AMD Phenom 9500 Quad-Core Processor 2.20 GHz
4GB Ram
Ati Radeon HD 4800. 4850 oder 4870.
Normale Festplatte 120GB.
64-bit Windows 7

Ich hab an den WoW-Grafik-Einstellungen schon viel gemacht. Aber auch mit der geringsten Einstellung wird es nicht besser.
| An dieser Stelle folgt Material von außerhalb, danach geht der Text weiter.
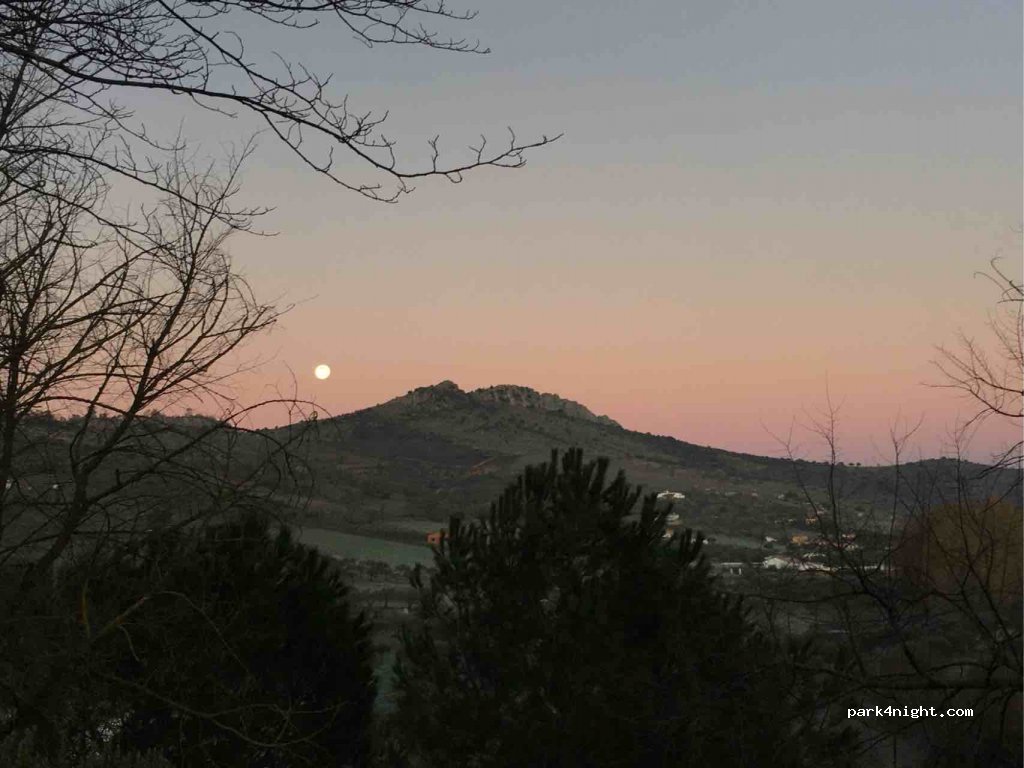 (06300) Zafra - 42 Diseminado Peralas — foto 3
Hoffe ihr könnt mir helfen

MfG

Neximar


----------



## bemuehung (29. Mai 2012)

CPU doch relativ lahm die 4 kerne braingen auch nix da ist sogar n schneller Single-DualCore Prozessor besser geeignet

natürlich können Addons auch noch ne ganz grosse Rolle spielen 

Grafikkarte könnte man noch so belassen


----------



## Shaxul (29. Mai 2012)

Denke auch, dass die CPU gerade im Raid nicht genug leisten kann. Mit meiner alten Mühle (Dualcore auch um die 2Ghz) kam ich bei Ultraxion bspw. auch nicht groß über 15-20FPS.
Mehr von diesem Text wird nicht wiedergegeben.